Rapid Initial Loss of OB DA Neurons and Their Synapses Following Naris Occlusion

To investigate a potential role for microglia in the loss of OB DA neurons caused by naris occlusion (Sawada et al., 2011), we first needed to identify a time point at which DA neuron loss was significant, but still ongoing. Surprisingly, after just 7 days of naris occlusion, there was already a 22% decrease in DA neuron density, with 30 and 38% decreases seen after 14 and 21 days, respectively. This implies that DA neuron loss occurs rapidly within the first week of naris occlusion, then proceeds more gradually to reach the maximal 40% loss seen after 4 weeks (Sawada et al., 2011). Interestingly, compensatory mechanisms such as the continuing addition of new DA neurons during naris occlusion (Sawada et al., 2011) or increased recruitment of DA neurons such as that seen following 6-hydroxydopamine lesion of the GL (Lazarini et al., 2014) are insufficient to maintain DA neuron density. Alternatively, DA neuron numbers may be specifically reduced to meet the current needs of the OB network during naris occlusion. Consistent with this, the 19% decrease in DA neuron synapse density after 7 days of naris occlusion shows that synaptogenesis by remaining DA neurons was not up-regulated to offset neuronal loss.

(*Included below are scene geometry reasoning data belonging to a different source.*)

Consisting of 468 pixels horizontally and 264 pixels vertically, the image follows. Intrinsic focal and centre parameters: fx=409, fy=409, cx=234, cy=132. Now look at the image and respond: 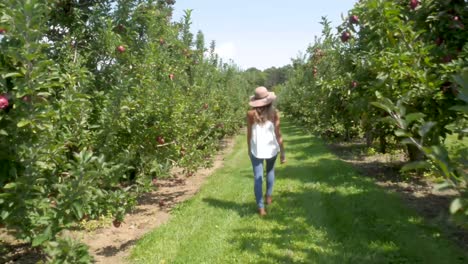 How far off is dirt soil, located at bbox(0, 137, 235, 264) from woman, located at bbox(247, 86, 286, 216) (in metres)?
1.76

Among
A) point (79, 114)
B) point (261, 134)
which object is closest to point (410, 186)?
point (261, 134)

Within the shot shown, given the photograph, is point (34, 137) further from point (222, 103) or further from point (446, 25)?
point (222, 103)

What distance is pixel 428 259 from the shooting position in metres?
4.43

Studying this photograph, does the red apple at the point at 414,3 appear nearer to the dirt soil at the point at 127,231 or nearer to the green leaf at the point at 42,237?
the dirt soil at the point at 127,231

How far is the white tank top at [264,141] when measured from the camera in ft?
20.1

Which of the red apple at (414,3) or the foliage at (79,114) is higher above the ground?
the red apple at (414,3)

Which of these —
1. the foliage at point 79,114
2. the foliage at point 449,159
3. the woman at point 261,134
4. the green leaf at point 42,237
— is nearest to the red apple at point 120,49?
the foliage at point 79,114

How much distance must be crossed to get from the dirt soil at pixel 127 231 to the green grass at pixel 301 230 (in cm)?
30

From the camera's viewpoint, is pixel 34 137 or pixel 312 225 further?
pixel 312 225

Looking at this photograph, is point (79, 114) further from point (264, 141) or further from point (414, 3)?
point (414, 3)

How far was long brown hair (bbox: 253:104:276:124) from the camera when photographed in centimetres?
618

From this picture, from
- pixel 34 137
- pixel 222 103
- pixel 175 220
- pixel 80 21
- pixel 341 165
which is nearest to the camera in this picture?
pixel 34 137

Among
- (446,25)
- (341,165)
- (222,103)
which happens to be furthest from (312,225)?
(222,103)

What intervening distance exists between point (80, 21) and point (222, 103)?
41.4 feet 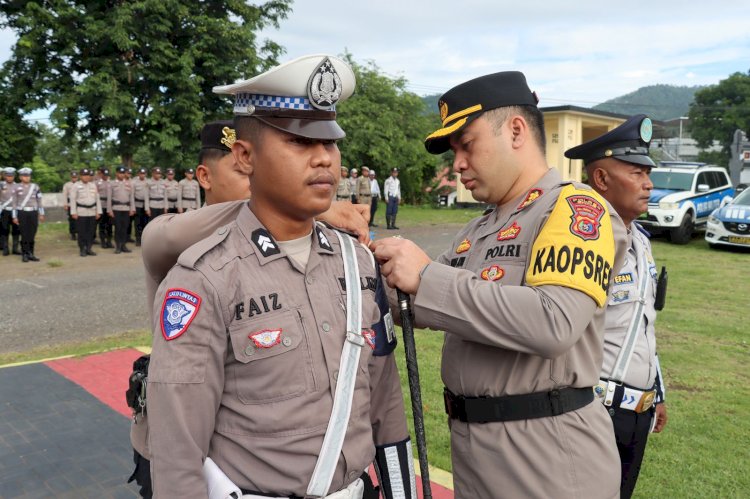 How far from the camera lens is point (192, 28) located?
20.2 m

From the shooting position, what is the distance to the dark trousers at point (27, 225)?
13.4m

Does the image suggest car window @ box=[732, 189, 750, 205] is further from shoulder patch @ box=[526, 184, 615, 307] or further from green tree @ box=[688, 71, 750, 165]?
green tree @ box=[688, 71, 750, 165]

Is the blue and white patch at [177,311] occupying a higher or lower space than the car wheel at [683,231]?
higher

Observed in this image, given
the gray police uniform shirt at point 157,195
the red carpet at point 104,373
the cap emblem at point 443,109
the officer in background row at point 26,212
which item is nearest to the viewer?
the cap emblem at point 443,109

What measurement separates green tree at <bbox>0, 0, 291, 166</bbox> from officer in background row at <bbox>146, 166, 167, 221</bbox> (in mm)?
3317

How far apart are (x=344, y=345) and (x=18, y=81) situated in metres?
21.7

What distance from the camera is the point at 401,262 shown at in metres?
1.89

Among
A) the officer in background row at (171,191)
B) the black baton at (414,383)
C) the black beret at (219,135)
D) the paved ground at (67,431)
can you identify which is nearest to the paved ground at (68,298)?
the paved ground at (67,431)

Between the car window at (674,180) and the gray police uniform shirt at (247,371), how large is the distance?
656 inches

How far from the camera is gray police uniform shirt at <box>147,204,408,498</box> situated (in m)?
1.58

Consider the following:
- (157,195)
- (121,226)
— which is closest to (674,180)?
(157,195)

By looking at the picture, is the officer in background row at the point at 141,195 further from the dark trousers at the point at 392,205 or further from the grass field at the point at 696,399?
the grass field at the point at 696,399

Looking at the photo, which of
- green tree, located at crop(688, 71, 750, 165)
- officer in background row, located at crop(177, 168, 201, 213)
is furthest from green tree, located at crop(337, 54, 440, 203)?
green tree, located at crop(688, 71, 750, 165)

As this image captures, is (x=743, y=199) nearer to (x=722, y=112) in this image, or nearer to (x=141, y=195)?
(x=141, y=195) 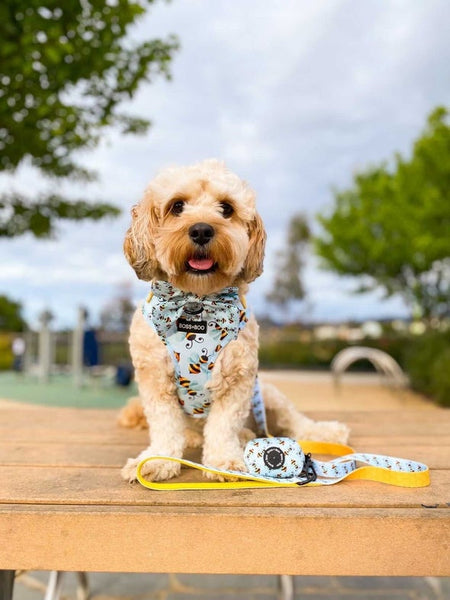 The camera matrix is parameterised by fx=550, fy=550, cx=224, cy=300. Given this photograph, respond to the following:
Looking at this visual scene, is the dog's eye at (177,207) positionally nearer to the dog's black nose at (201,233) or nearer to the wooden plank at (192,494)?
the dog's black nose at (201,233)

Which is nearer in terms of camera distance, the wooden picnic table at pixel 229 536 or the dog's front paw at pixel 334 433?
the wooden picnic table at pixel 229 536

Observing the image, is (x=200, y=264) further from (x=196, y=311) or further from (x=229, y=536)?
(x=229, y=536)

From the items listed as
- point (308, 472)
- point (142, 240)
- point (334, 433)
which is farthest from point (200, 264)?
point (334, 433)

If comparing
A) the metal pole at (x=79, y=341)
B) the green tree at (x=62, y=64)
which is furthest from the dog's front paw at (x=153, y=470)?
the metal pole at (x=79, y=341)

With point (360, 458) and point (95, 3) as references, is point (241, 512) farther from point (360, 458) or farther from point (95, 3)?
point (95, 3)

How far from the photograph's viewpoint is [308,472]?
6.53 feet

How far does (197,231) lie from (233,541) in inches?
40.3

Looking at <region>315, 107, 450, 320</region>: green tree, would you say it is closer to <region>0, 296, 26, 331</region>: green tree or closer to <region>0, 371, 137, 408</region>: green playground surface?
<region>0, 371, 137, 408</region>: green playground surface

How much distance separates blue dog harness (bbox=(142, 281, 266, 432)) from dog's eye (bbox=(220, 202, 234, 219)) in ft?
0.96

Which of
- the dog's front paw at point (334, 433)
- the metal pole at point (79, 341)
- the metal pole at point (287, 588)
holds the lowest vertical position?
the metal pole at point (287, 588)

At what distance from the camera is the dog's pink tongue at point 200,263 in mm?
2018

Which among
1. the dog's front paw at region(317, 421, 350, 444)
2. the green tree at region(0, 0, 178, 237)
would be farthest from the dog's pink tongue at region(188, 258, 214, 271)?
the green tree at region(0, 0, 178, 237)

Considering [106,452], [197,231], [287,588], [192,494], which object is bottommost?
[287,588]

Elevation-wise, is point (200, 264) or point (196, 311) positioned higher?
point (200, 264) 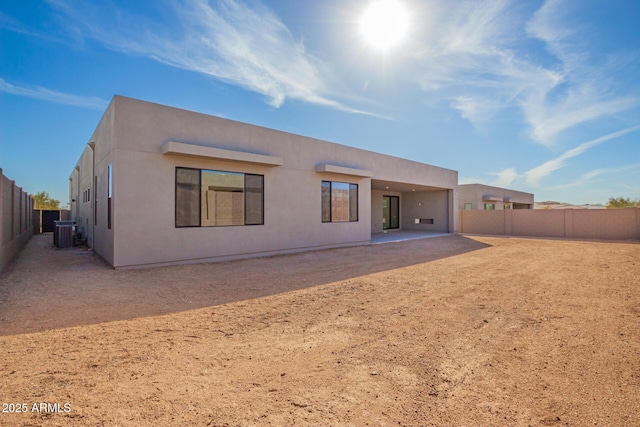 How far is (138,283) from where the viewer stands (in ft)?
19.9

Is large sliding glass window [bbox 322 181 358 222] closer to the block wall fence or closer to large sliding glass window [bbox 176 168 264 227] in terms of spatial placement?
large sliding glass window [bbox 176 168 264 227]

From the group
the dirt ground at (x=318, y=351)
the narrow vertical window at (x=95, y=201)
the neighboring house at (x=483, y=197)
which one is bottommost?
the dirt ground at (x=318, y=351)

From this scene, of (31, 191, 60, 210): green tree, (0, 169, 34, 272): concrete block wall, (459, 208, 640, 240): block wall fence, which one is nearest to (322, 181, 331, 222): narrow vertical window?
(0, 169, 34, 272): concrete block wall

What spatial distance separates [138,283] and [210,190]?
314 centimetres

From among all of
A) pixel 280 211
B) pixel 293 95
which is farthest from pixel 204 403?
pixel 293 95

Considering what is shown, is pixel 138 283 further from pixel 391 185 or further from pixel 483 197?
pixel 483 197

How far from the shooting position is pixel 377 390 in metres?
2.42

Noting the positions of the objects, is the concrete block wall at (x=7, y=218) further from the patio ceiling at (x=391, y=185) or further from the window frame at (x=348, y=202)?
the patio ceiling at (x=391, y=185)

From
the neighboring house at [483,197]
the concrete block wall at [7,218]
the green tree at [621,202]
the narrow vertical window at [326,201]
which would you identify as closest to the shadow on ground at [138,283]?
the concrete block wall at [7,218]

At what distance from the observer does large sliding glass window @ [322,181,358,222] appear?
11.5 m

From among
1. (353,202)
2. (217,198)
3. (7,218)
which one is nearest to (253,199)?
(217,198)

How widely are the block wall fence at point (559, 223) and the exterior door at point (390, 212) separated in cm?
423

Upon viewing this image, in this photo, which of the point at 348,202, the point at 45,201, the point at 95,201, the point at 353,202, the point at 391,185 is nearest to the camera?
the point at 95,201

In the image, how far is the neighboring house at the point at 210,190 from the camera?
7.17 meters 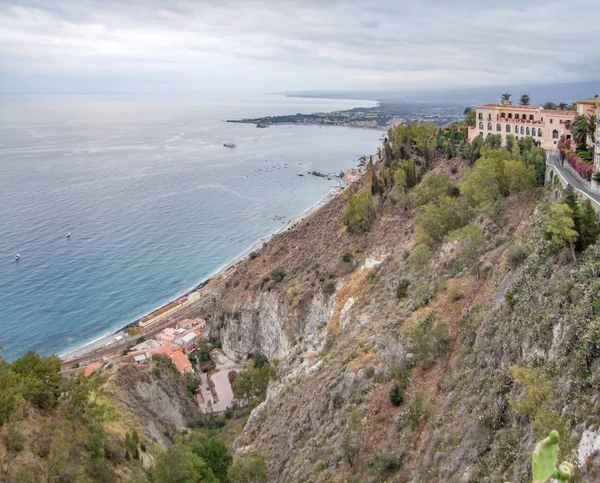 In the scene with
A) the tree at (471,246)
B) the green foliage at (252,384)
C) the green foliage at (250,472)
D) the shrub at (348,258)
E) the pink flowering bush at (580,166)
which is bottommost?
the green foliage at (252,384)

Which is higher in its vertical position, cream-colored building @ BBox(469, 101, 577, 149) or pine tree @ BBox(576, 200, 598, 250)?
cream-colored building @ BBox(469, 101, 577, 149)

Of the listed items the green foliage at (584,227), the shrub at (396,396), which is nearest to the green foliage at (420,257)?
the shrub at (396,396)

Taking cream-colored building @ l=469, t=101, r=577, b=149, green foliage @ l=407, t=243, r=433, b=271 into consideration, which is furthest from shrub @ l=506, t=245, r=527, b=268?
cream-colored building @ l=469, t=101, r=577, b=149

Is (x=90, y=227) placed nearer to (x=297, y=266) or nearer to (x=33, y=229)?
(x=33, y=229)

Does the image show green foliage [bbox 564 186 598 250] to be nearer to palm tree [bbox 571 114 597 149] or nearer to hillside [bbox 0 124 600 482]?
hillside [bbox 0 124 600 482]

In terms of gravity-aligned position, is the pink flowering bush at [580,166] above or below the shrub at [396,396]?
above

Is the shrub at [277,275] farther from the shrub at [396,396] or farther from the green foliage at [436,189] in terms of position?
the shrub at [396,396] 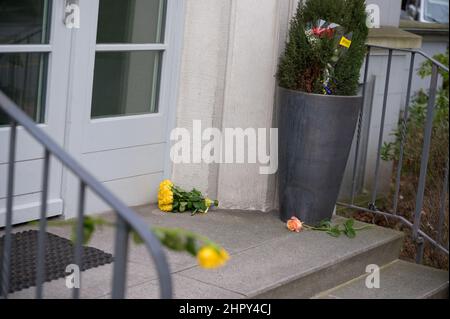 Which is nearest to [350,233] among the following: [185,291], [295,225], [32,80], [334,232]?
[334,232]

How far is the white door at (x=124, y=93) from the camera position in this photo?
432cm

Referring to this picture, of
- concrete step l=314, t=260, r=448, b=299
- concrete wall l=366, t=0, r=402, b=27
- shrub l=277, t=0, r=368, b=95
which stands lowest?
concrete step l=314, t=260, r=448, b=299

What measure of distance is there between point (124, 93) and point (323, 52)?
113 centimetres

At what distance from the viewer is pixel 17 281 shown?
3.45 meters

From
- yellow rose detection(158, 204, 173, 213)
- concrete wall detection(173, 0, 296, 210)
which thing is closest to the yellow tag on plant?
concrete wall detection(173, 0, 296, 210)

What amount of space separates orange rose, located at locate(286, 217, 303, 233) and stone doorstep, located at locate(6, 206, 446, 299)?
0.12ft

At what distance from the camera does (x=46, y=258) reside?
3.78 metres

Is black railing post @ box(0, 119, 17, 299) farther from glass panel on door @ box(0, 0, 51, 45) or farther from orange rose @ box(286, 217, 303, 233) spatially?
orange rose @ box(286, 217, 303, 233)

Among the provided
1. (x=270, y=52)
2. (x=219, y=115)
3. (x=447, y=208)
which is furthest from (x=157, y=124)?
(x=447, y=208)

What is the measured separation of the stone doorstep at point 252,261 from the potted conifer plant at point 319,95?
0.32 metres

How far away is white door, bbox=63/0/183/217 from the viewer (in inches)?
170

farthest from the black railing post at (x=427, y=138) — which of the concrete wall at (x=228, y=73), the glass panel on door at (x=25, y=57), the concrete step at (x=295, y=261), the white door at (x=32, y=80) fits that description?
the glass panel on door at (x=25, y=57)

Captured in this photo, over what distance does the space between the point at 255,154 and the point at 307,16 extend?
2.82ft

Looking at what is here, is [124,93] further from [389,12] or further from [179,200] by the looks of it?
[389,12] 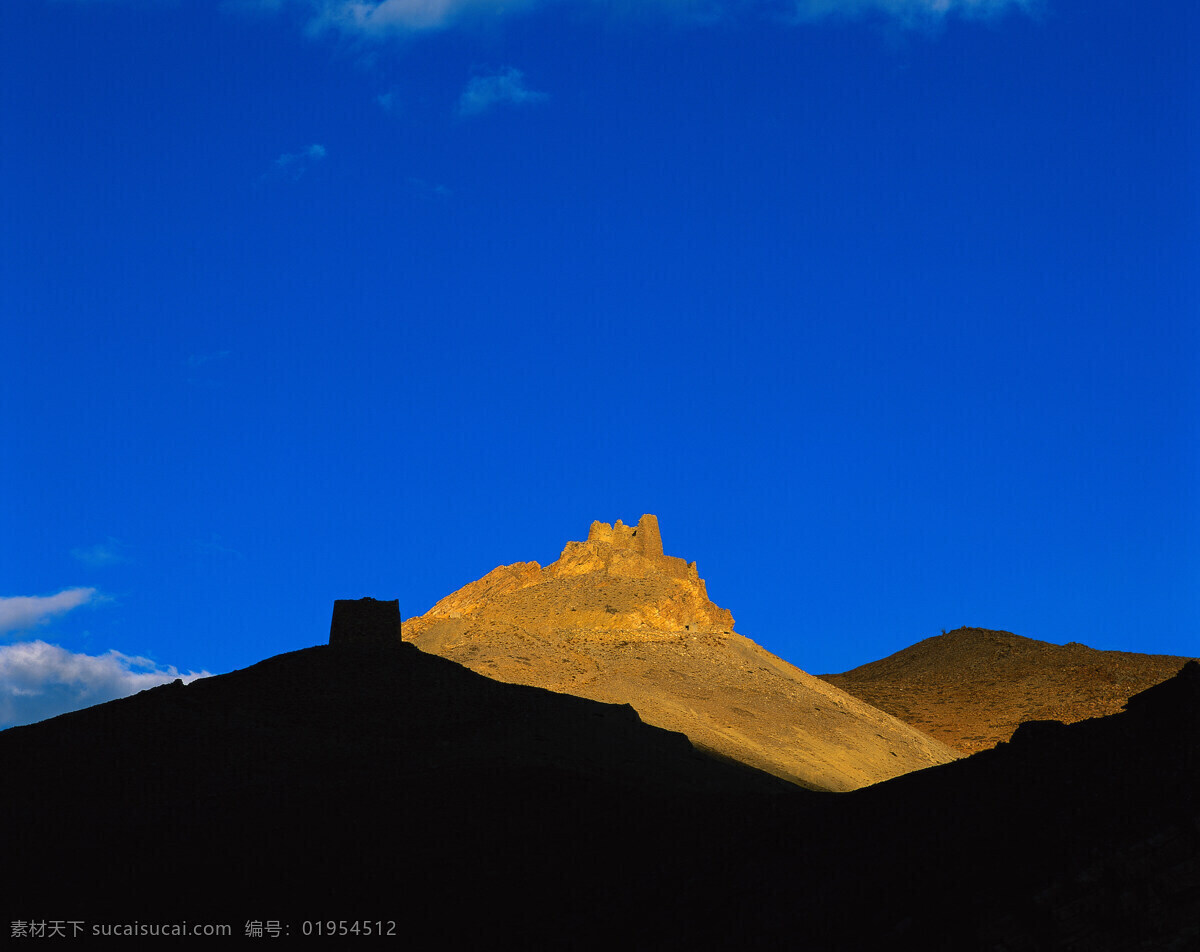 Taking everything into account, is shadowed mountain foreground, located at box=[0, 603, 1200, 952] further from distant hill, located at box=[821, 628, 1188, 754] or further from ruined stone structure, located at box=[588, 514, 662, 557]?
distant hill, located at box=[821, 628, 1188, 754]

Activity-Dependent Increase in Activated Microglia in the OB

As DA neurons and synapses underwent a dramatic loss following naris occlusion, microglial density increased significantly across all OB layers. This finding is consistent with the increased microglial density throughout the OB following deafferentation (Lazarini et al., 2012). Similarly, microglial density increased in the cochlear nucleus following cochlear ablation (Fuentes-Santamaría et al., 2012). In contrast, an early study found no change in microglial density in the OB following neonatal naris occlusion (Caggiano and Brunjes, 1993). Thus, it is possible that microglia respond differently to loss of sensory input in the developing and adult OB. Alternatively, given that microglial density is elevated by developmental cell death (Ashwell, 1989), the high levels of cell death in the GL during early postnatal life (Fiske and Brunjes, 2001) may have saturated microglial density. The increase in microglial density in the occluded OB that we report resulted from a decrease in OB area rather than an increase in the absolute number of microglia. Microglia tile the brain, enabling them to continuously survey surrounding tissue (Nimmerjahn et al., 2005). Hence, the increase in microglial density in the occluded OB means that each microglia in the occluded OB is responsible for surveying a smaller volume than in the open OB.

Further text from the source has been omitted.